INFORMATION SHOWN:
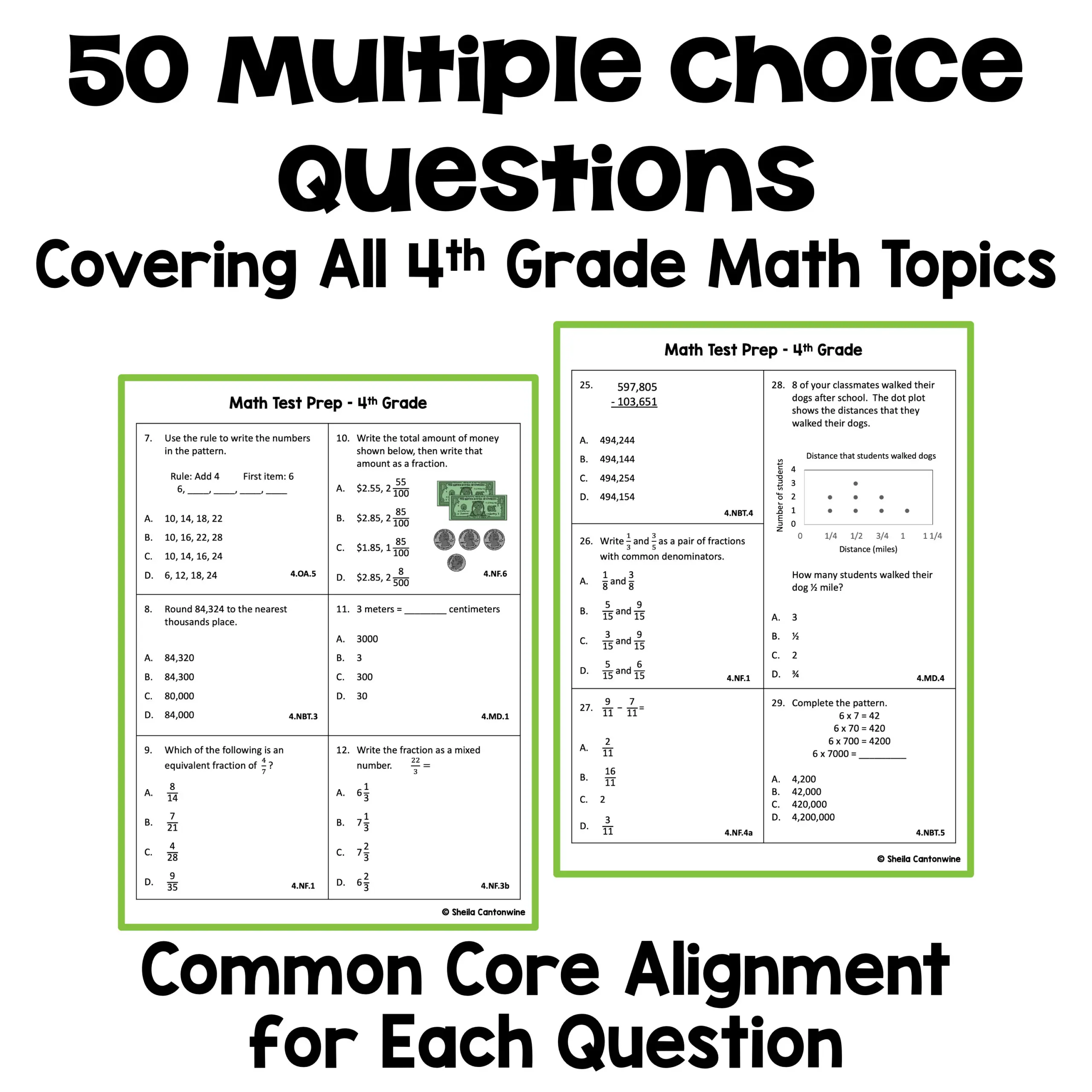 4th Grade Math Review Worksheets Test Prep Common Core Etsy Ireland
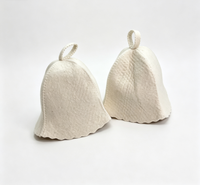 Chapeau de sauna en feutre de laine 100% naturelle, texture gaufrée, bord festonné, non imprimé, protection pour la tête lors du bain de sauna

---

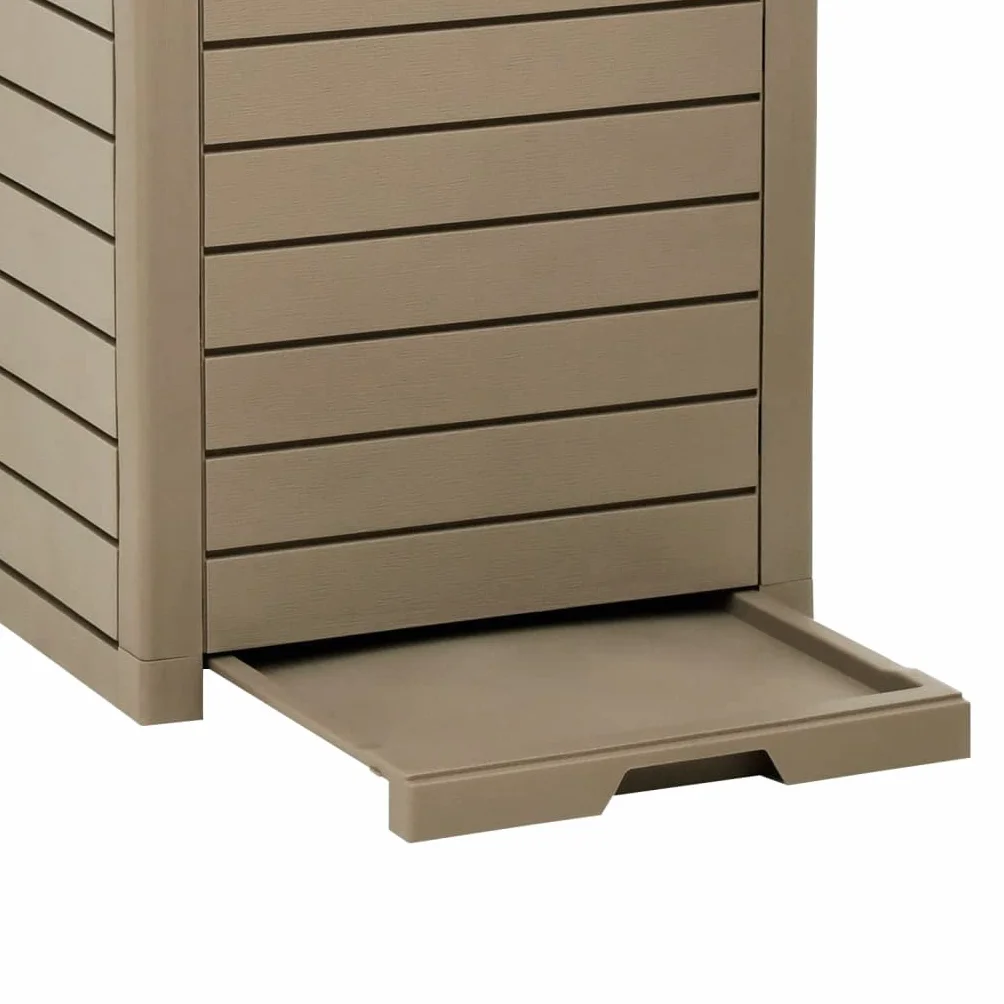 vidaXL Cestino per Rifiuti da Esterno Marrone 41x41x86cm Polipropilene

ACTIVITY: Set down exactly the lines above, from the line containing "4th Grade Math" through the line containing "Chapeau de sauna". Skip the pictures.

RESULT OF THE EXERCISE:
 4th Grade Math Review Worksheets Test Prep Common Core Etsy Ireland
 Chapeau de sauna en feutre de laine 100% naturelle, texture gaufrée, bord festonné, non imprimé, protection pour la tête lors du bain de sauna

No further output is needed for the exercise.